Data for review:
Segment Open

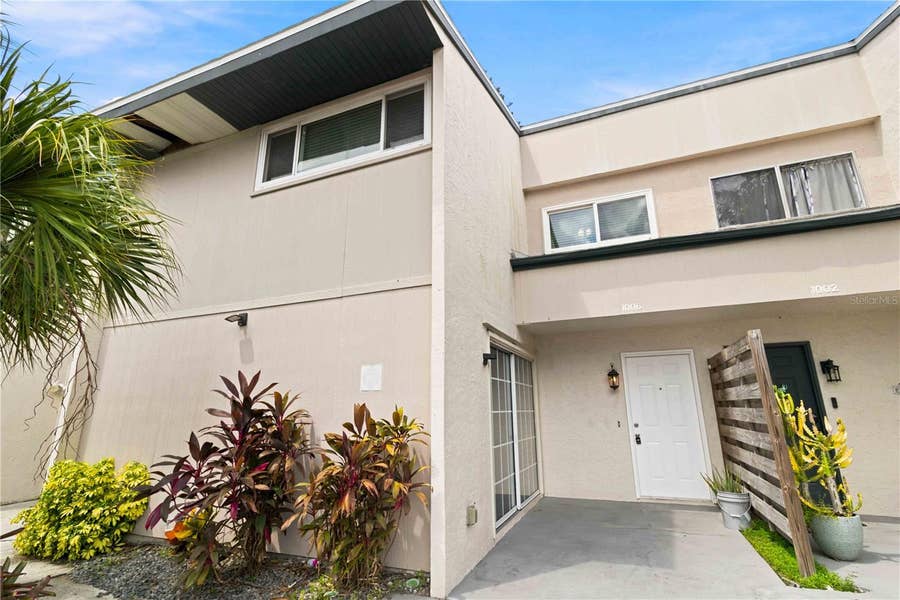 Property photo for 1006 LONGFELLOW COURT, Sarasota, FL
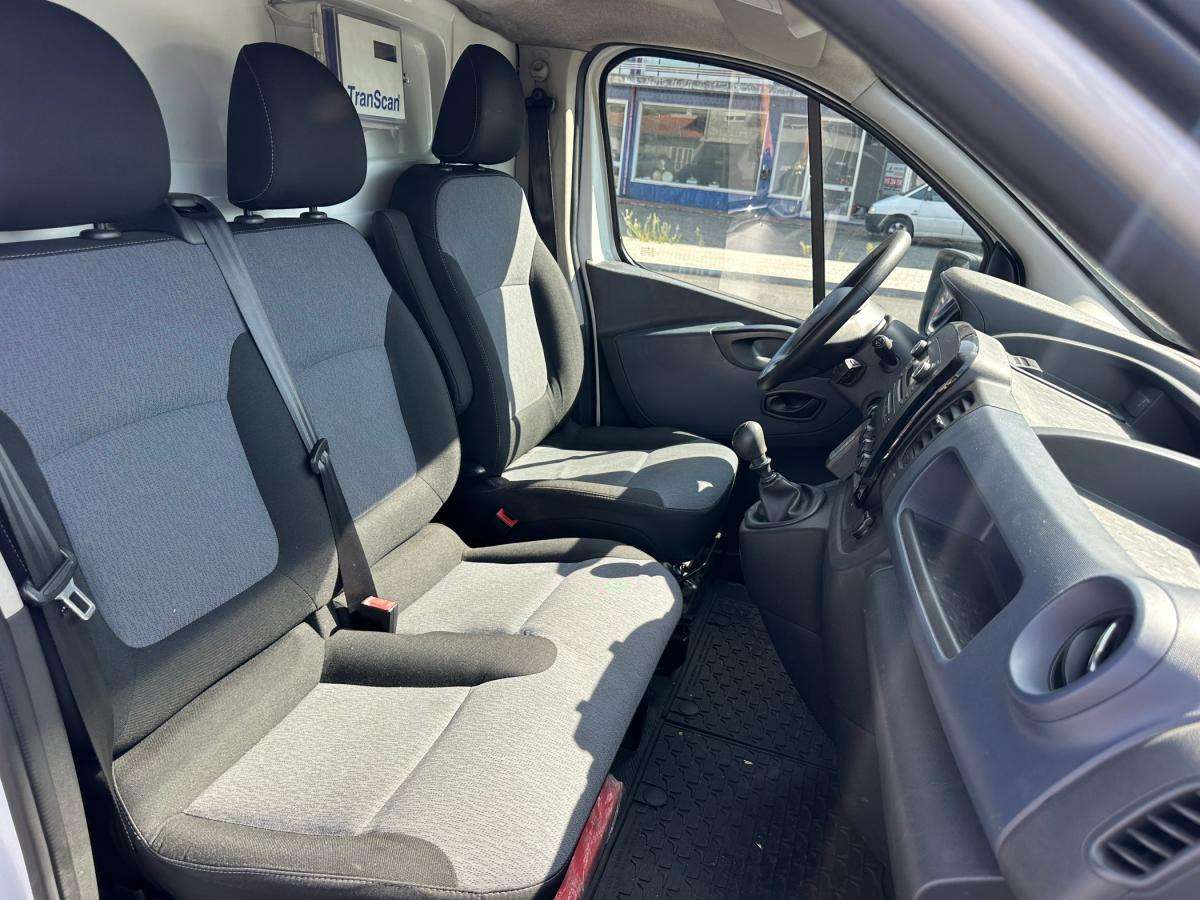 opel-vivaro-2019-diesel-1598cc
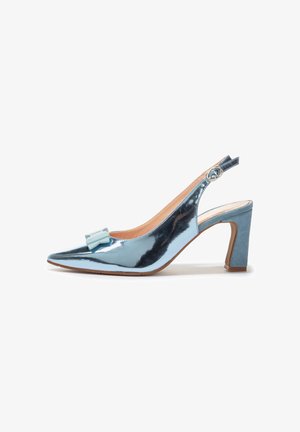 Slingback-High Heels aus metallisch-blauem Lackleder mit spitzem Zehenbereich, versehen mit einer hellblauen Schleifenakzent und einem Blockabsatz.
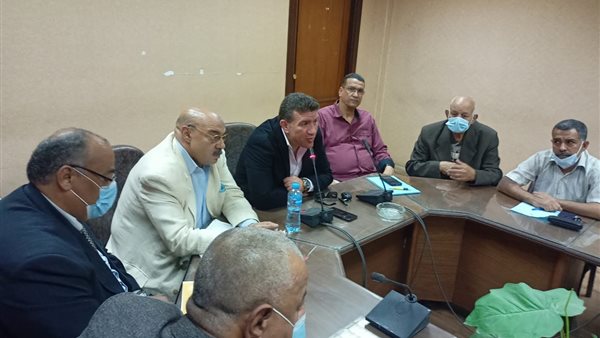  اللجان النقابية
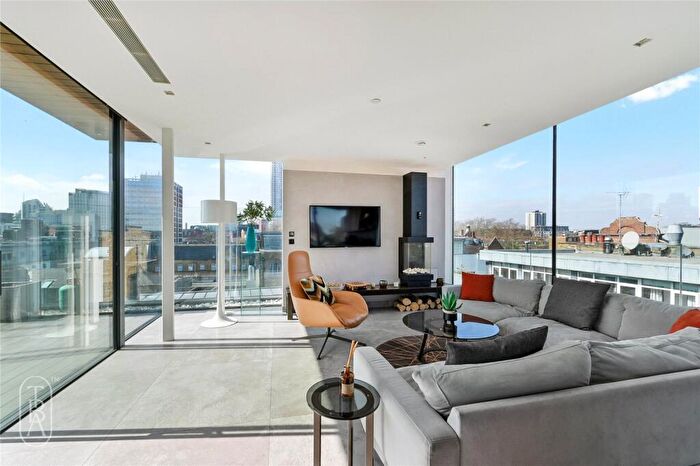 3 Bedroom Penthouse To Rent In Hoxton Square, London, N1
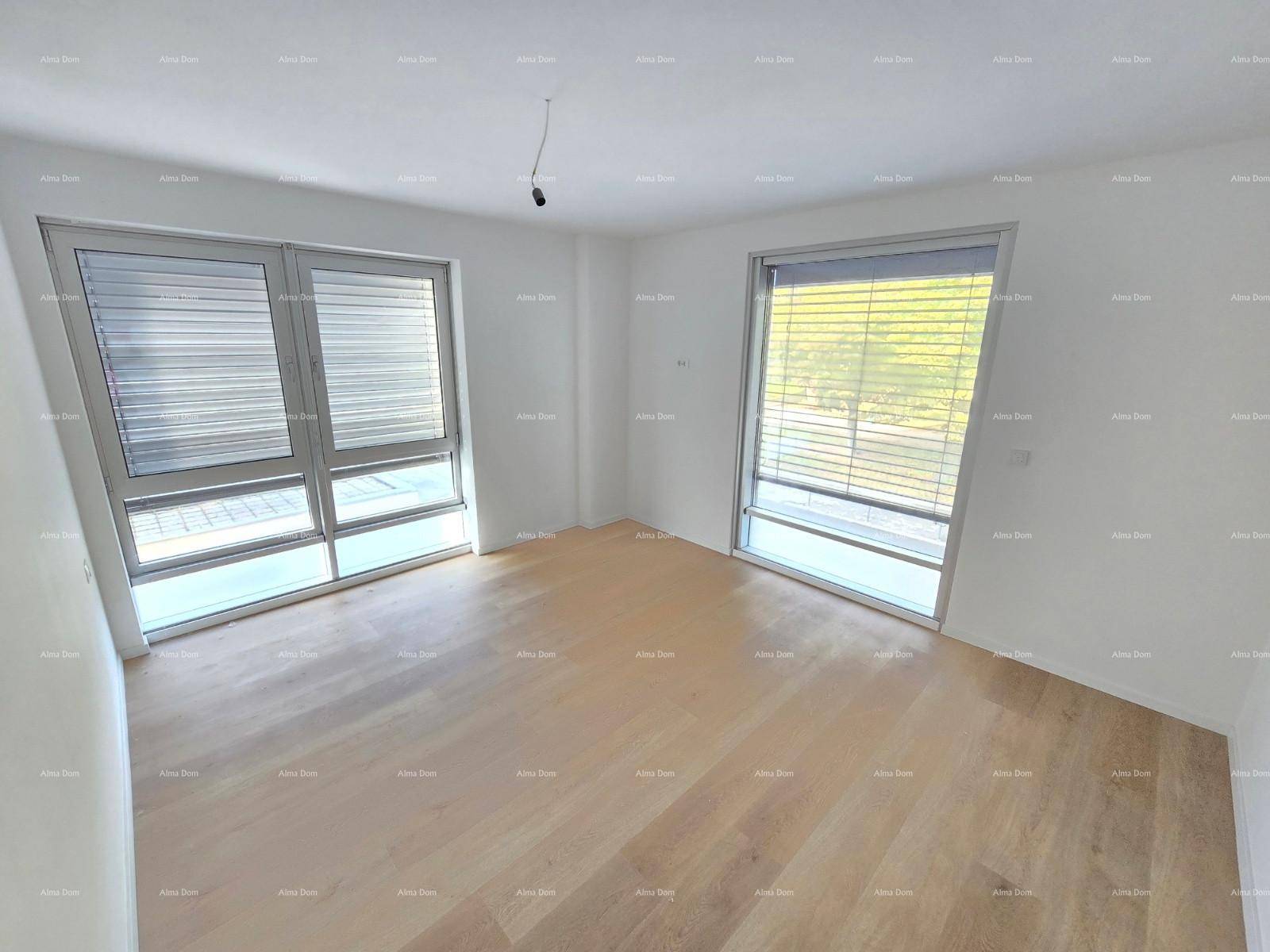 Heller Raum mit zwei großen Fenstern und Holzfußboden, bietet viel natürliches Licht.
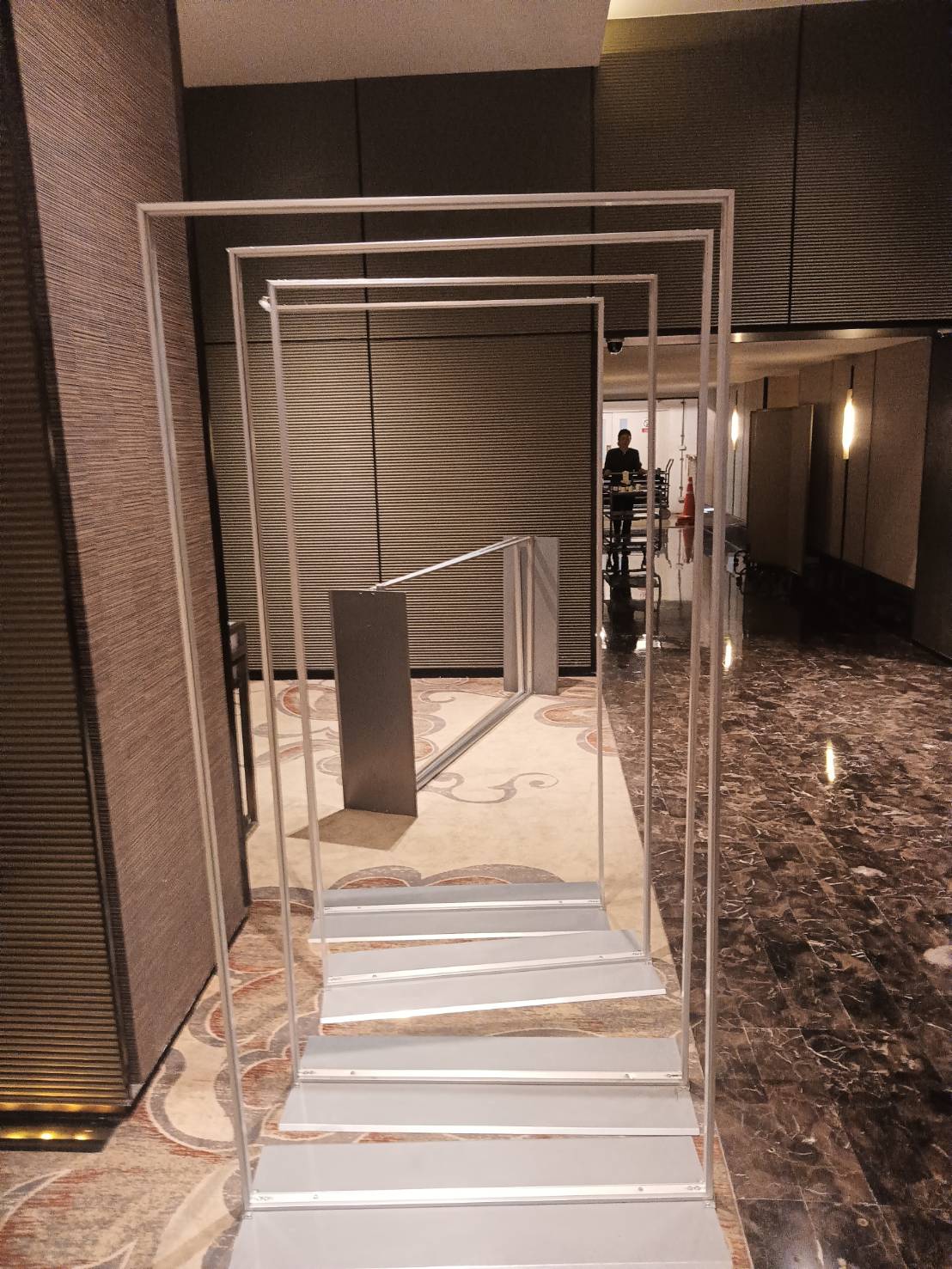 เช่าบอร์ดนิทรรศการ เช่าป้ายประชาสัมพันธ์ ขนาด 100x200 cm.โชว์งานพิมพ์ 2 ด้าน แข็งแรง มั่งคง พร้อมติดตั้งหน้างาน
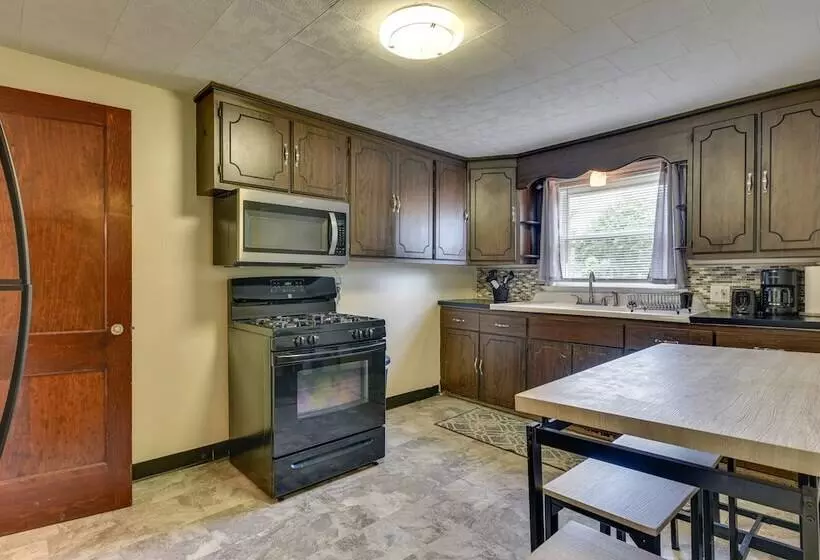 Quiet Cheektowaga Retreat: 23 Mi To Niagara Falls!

Segment Closed

What the answer must hold is the exact text of every line from the one containing "Heller Raum mit" through the end of the data, minus any pictures.

 Heller Raum mit zwei großen Fenstern und Holzfußboden, bietet viel natürliches Licht.
 เช่าบอร์ดนิทรรศการ เช่าป้ายประชาสัมพันธ์ ขนาด 100x200 cm.โชว์งานพิมพ์ 2 ด้าน แข็งแรง มั่งคง พร้อมติดตั้งหน้างาน
 Quiet Cheektowaga Retreat: 23 Mi To Niagara Falls!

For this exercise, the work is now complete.